Our study has some limitations. Firstly, it was exploratory with a relatively small sample size. Secondly, there might be potential selection bias as we recruited newly diagnosed, unmedicated ATB patients. Drug interventions can influence cytokine/chemokine secretion in TB patients,Citation20,Citation25 and, ethnic heterogeneity may affect cytokine secretion patterns during Mtb infection.Citation26,Citation27 Therefore, the generalizability of our findings to diverse populations and patients on different treatment regimens may be limited. Moreover, healthy controls were all young subjects and were not matched to the other subjects, which may affect the cytokine production. Additionally, we only focused on Mtb infection and did not evaluate cytokine/chemokine secretion in NTM patients. Including NTM patients as a control group in future investigations can provide a comprehensive analysis, considering the potential overlap in immune responses between Mtb and NTM infections.

Conclusion

Non-specific cytokine secretion in tuberculosis cannot distinguish between febrile and ATB patients. Latency-associated antigens can enhance the diagnostic capability of multiple cytokines for tuberculosis infection, and their combined use with tuberculosis virulence factors can significantly improve the ability of Th1-type cytokines to differentiate between ATB and LTBI. Under stimulation with tuberculosis virulence factors and latency-associated antigens, the detection of cytokines can achieve a comprehensive diagnosis of multiple tuberculosis infection states.

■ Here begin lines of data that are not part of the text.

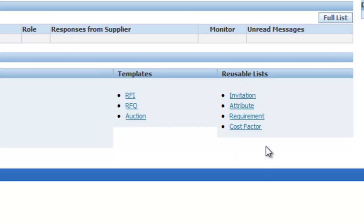The next part is the Reusable List. Reusable lists are those lists used frequently — for example, invitation lists. You can make different types of invitation lists based on item category or item type. For example, an 'IT Equipment Supplier' list can contain all suppliers who provide IT equipment. Instead of adding suppliers one by one when creating an RFQ, you attach the invitation list and add 10 to 15 suppliers in a single shot, making the process much faster.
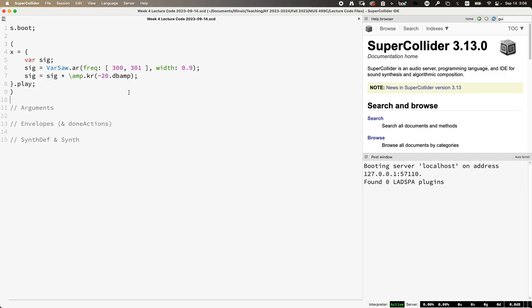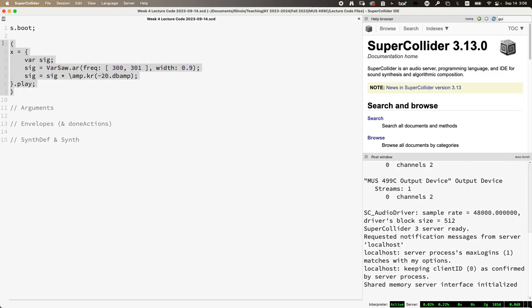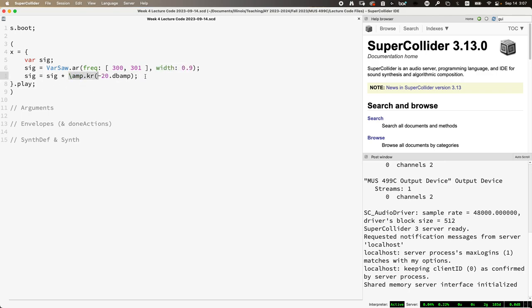So as an example, let me boot the server. I took one of several UGen functions we made last week and just kind of modified it a little bit. We have a unit generator, it's an oscillator called VarSaw, which is a variable duty triangle wave slash sawtooth wave. We're doing multi-channel expansion here so that it produces two channels of audio, one VarSaw at 300 hertz and the other channel at 301. The width parameter — I'll show you what that means in just a second.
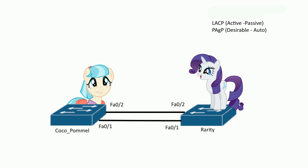I'm going to show you how to negotiate EtherChannel between two switches using LACP, which is an IEEE standard, and we'll also cover PAGP a little bit, which is Port Aggregation Protocol, a Cisco proprietary protocol.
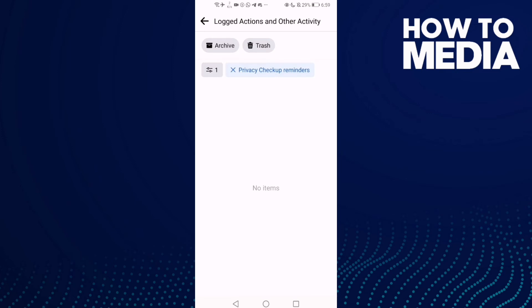And as you can see here, you can now review privacy checkup reminders on Facebook mobile.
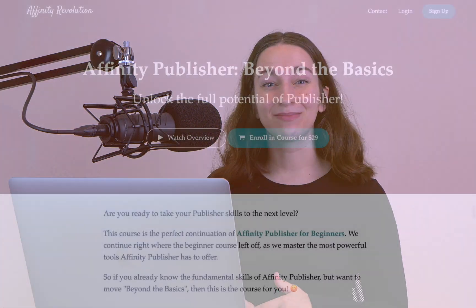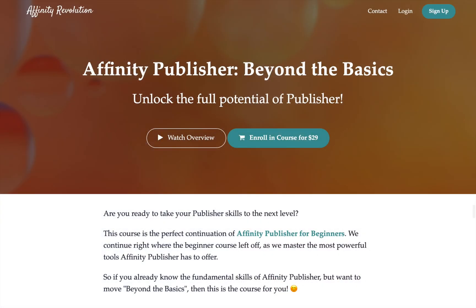If you're ready to take your Affinity Publisher skills to the next level, then this is for you. Today, I'm excited to announce my brand new course, Affinity Publisher Beyond the Basics. This course has been designed for anyone who knows the basics of Affinity Publisher, but still feels like there's more to know about this amazing program.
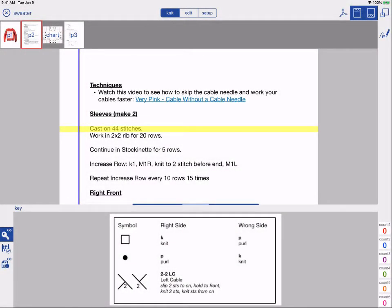Here we have a pattern that includes a link to a technique video. With Knit Companion, you can add this link to your project and watch it while you knit.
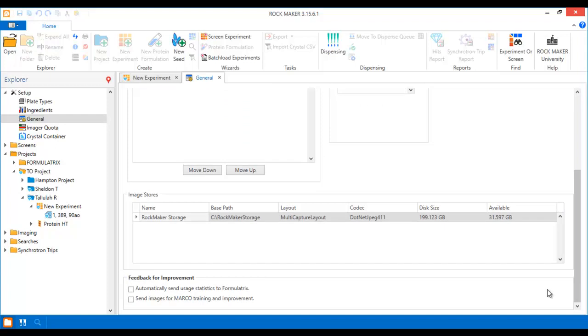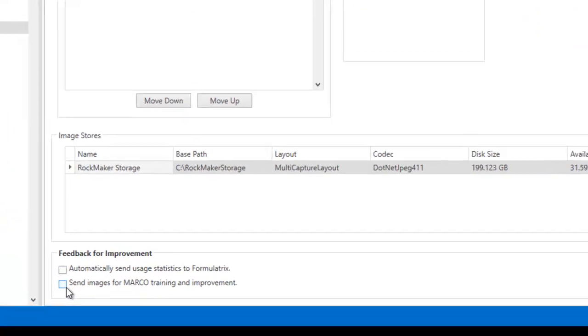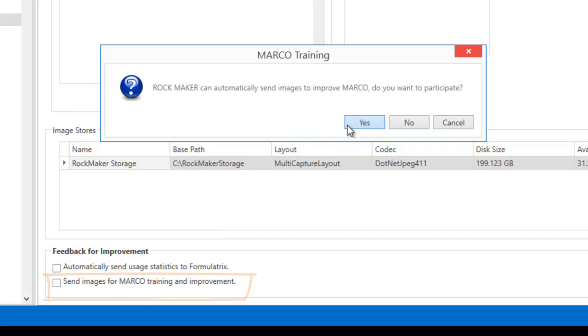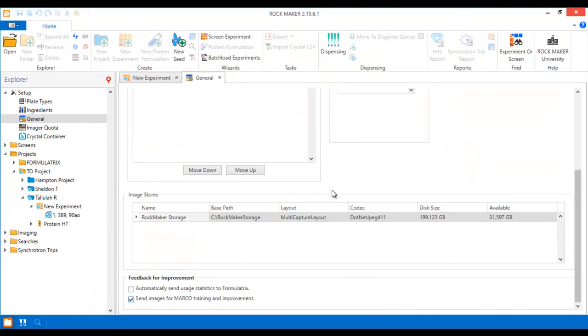With Marco available right out of the box in Rockmaker, scoring images is an absolute breeze. If you have any questions, please reach out.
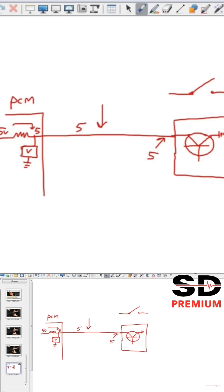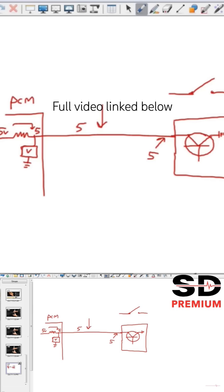I know this is a 5 volt pull down. If I got 5 volts on that sensor, that wire is good, the computer is good on that signal circuit. Let's keep going. That's what that tells us.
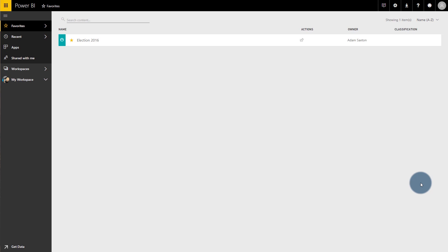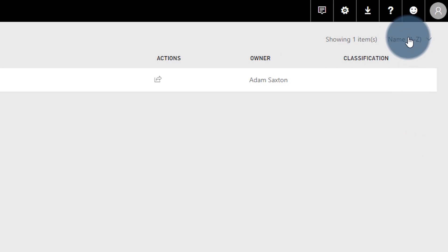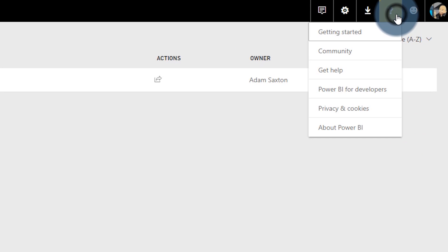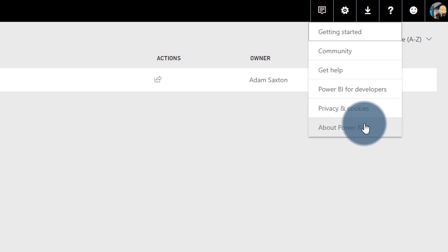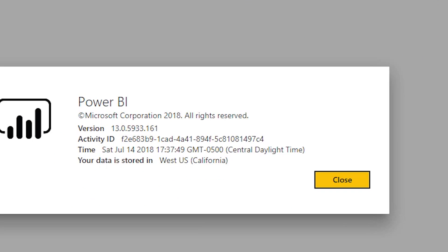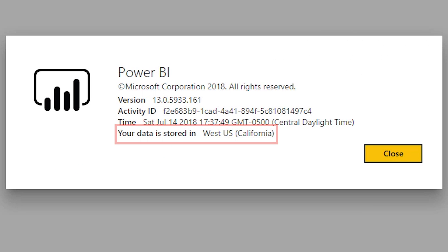To figure out where your home region is, all you have to do is sign into Power BI. You can go to the upper right-hand corner, select the question mark, select About Power BI, and that will tell you where your home region is. It is wherever your data is stored.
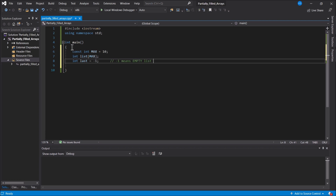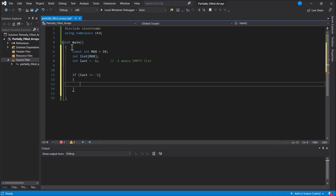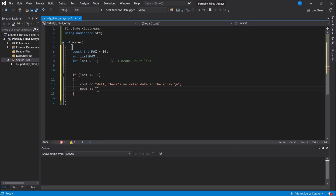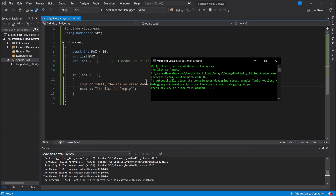As we add stuff to the array, `last` will have to change. Right now it's considered empty, so if `last` is set to negative one you can ask questions about the array — for example, if `last` equals negative one, then there's no valid data in the array. We can say the list is empty. Even though the array has garbage in it, we don't consider anything in it to be something we're interested in. We can test that `last` variable to see if there's anything valid in there.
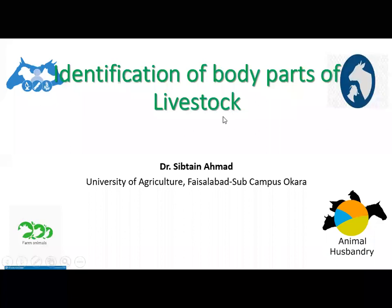Bismillahirrahmanirrahim, Assalamu Alaikum. Today's practical topic is the first practical of our class, which belongs to the livestock management section. The title of our practical today is identification of body parts of livestock.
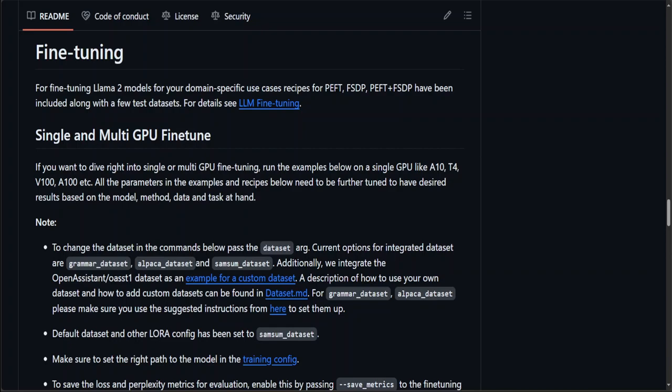While PEFT aims to make fine-tuning more efficient by reducing the number of parameters that are updated, FSDP focuses on making the initial training phase more scalable and memory-efficient across multiple devices.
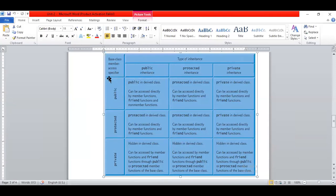On the left-hand side we have base class members, which can be public, protected, or private. If a base class member is public and inherited with public visibility, it remains accessible to all derived classes. If inherited with protected visibility, it becomes protected. If privately inherited, it cannot be directly accessed — you need to use a friend function for it.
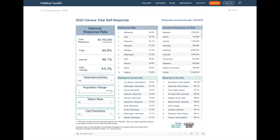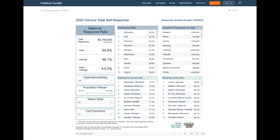For today's example I just briefly want to highlight the power of the population range in establishing your own. In this case, by overriding the beginning of the population range and typing in my own value of 250,000 and pressing enter, I'm going to re-establish the rankings, and this time they'll reflect counties and cities of 250,000 or more people.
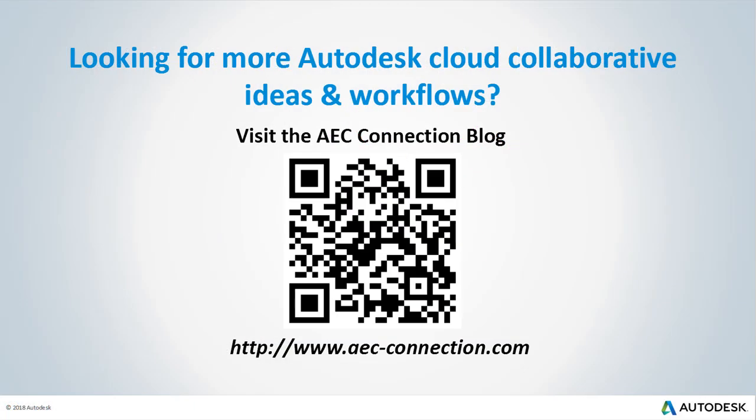Would you like to explore additional Autodesk Cloud collaborative ideas and workflows? If so, please visit the AEC Connection blog by scanning the QR code or by following the URL listed below.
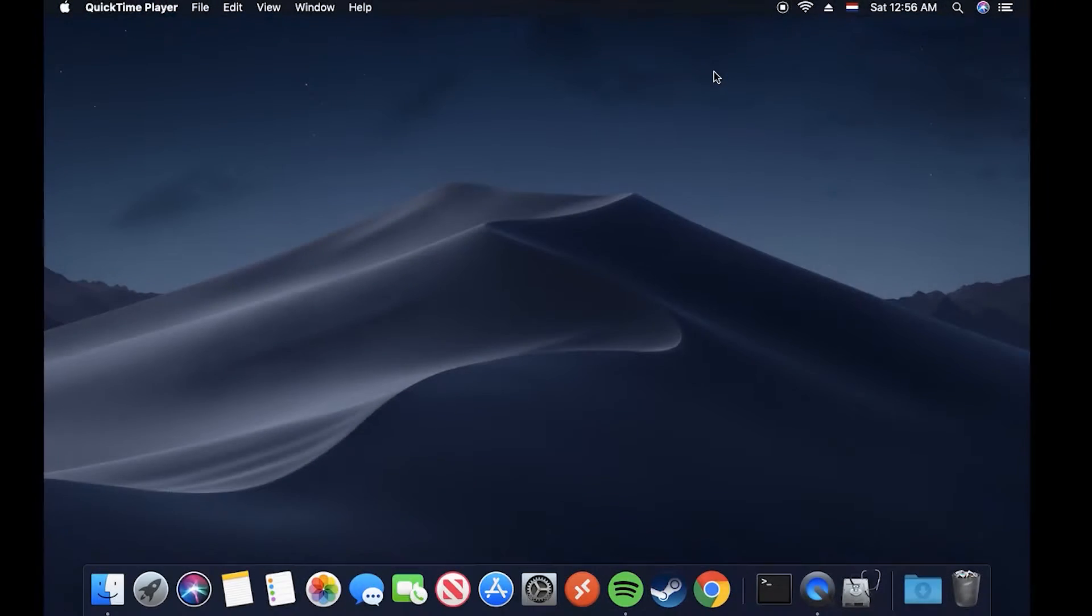Hi what is up people and welcome to a brand new video. Today I will be showing you how you can backup your Mac OS device to a Windows shared folder. Now there's a couple of steps you'll have to do but these are not that hard and I will try to explain them as well as possible.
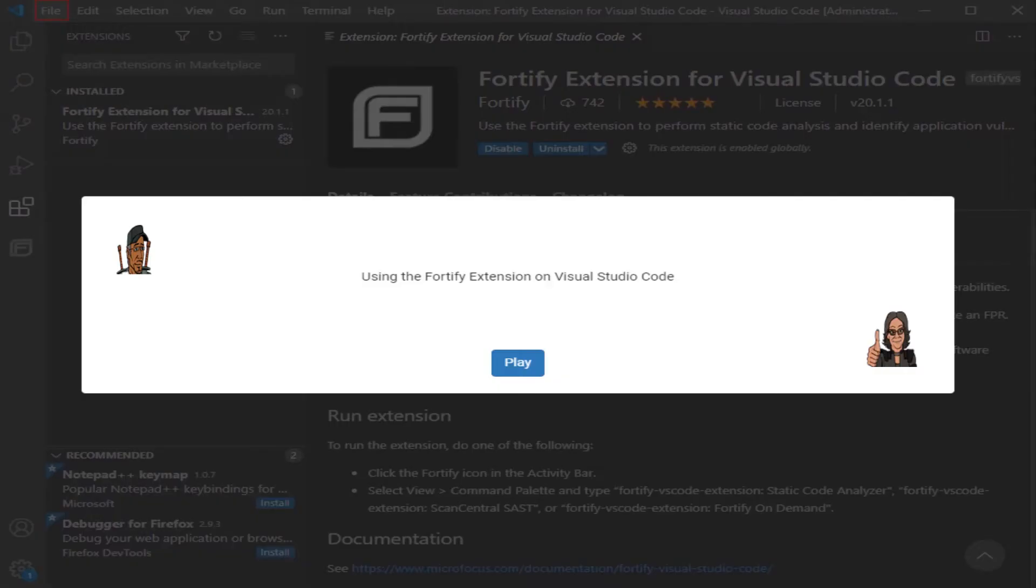Hey everyone and welcome to using the Fortify extension on Visual Studio Code. Let's play.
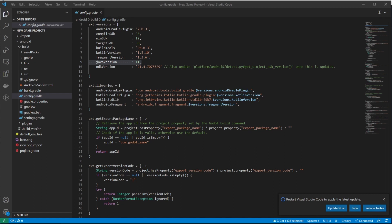Scoped storage makes things more complicated if you want to access files outside of your Godot project, but it's a huge security feature we really needed in order to stay within Google's requirements for Google Play. With the move to API level 30, we also have initial support for Play Asset Delivery.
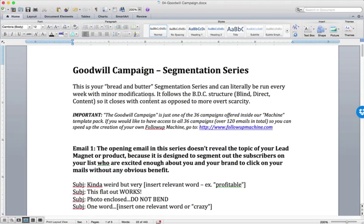you could pretty much run this same campaign every single week. And I gave you some structures, I know, in the previous example for how you could go about doing that. But I want to just show you, really break down this Goodwill campaign. It is a three-part campaign.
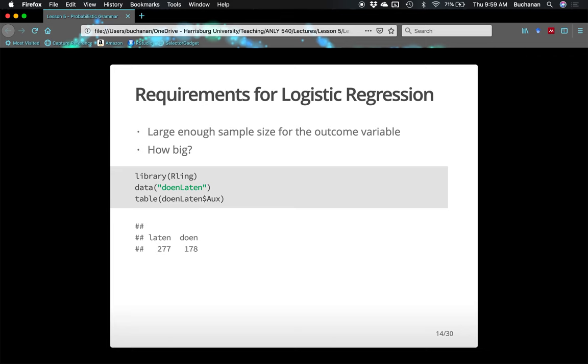How big does the sample need to be? Hosmer and Lemeshow have suggested that the number of predictors can be based on the smaller group divided by 10. Our smaller group here is 'doen' at 178, so I could have 18 predictors. If you only had 50, you could have five predictors. We want to make sure we have enough cases and don't add more predictors than we really have. About 10 people per predictor is not a bad rule of thumb.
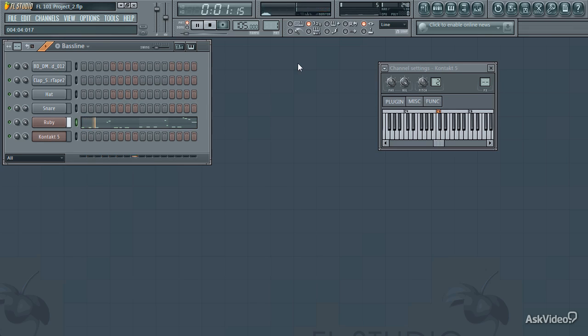Now, let me preface this by saying that the way you use patterns is entirely a matter of preference. So this is just the way I like to use patterns, and you can use this as a sort of foundation and adjust your own workflow however you prefer.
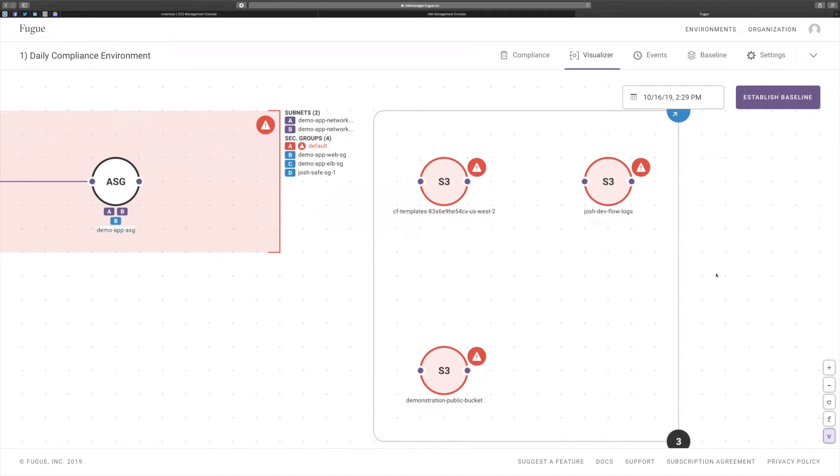We have hundreds of buckets. Is there a way I can enforce block public access for all my buckets at once in my account, or do I have to do it for every individual bucket?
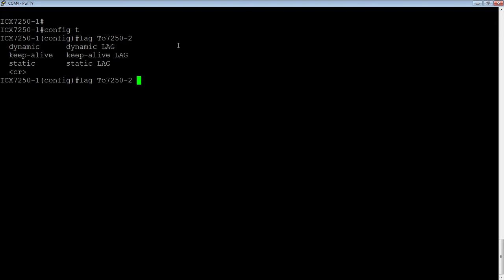So as soon as you deploy this static lag, it's going to come up and it's going to start sending packets down all of the available links. Whether the other end is misconfigured or not configured, it doesn't care.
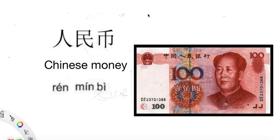Hi, welcome to Magic Mathematics Mandarin. Today we are going to learn the word 人民币, Chinese money.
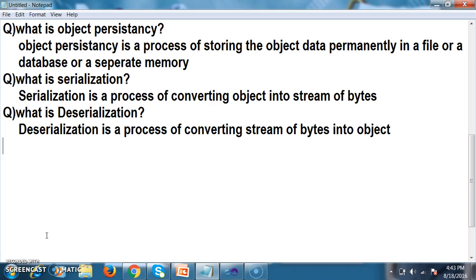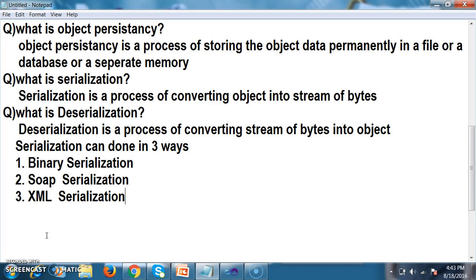We can achieve serialization in three ways: binary serialization, SOAP serialization, and XML serialization. Serialization plays a very major role when you work with WCF, because the service requester and service provider exchange data in the form of objects. Since we cannot directly transfer objects via a network, we need to convert the object into a stream of bytes using serialization and deserialization.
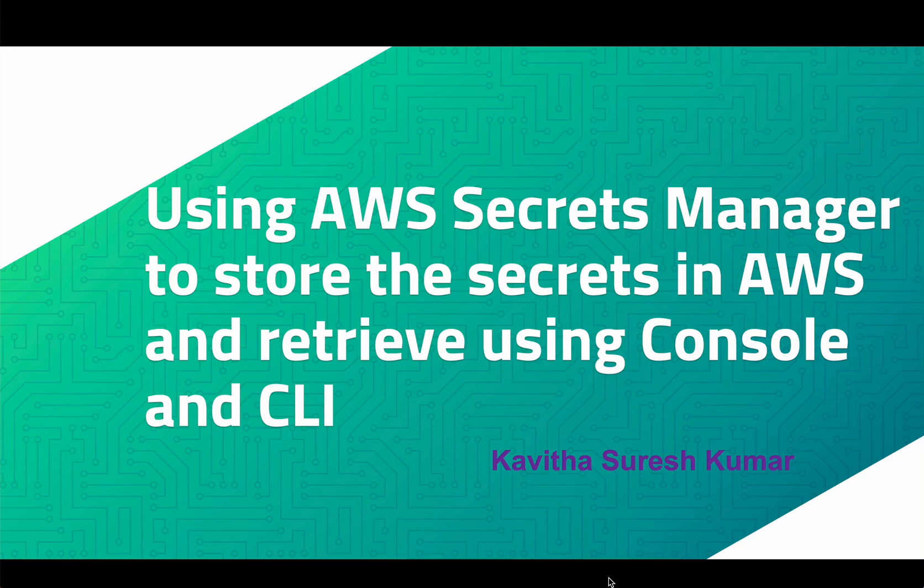Hi, this is Kavitha Suresh Kumar, and in this video I'm going to demonstrate how to store secrets in AWS Secrets Manager and retrieve them using the console and CLI.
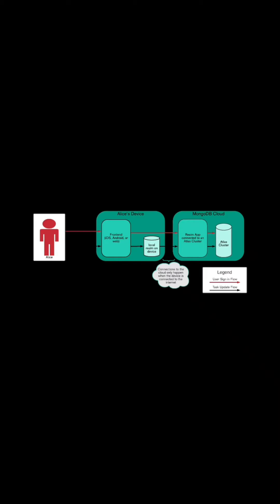By using Realm, data is stored temporarily in a local Realm database, then the data is sent to the online Realm app and synced with a MongoDB Atlas cluster.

Ethics Approval and Consent to Participate

This study was approved by the Ethics Committee of the Peking Union medical College Hospital (ZS-3415). All eligible ATB patients, febrile patients, healthy controls and LTBI healthcare workers provided written informed consent according to institutional requirements. The study completely followed the guiding principles in the Declaration of Helsinki.

Author Contributions

All authors made a significant contribution to the work reported, whether that is in the conception, study design, execution, acquisition of data, analysis and interpretation, or in all these areas; took part in drafting, revising or critically reviewing the article; gave final approval of the version to be published; have agreed on the journal to which the article has been submitted; and agree to be accountable for all aspects of the work.

Disclosure

The authors declare that the research was conducted in the absence of any commercial or financial relationships that could be construed as a potential conflict of interest.

Data Sharing Statement

The datasets generated during and/or analyzed during the current study are available from the corresponding author on reasonable request.

Additional information

Funding

This work was supported by Capital’s Funds for Health Improvement and Research (2024-2-4016), the National High Level Hospital Clinical Research Funding (2022-PUMCH-A-119, 2022-PUMCH-C-013), and, National Natural Science Foundation of China (82373648). The funders had no role in the study design, data collection and analysis, decision to publish, or preparation of the manuscript.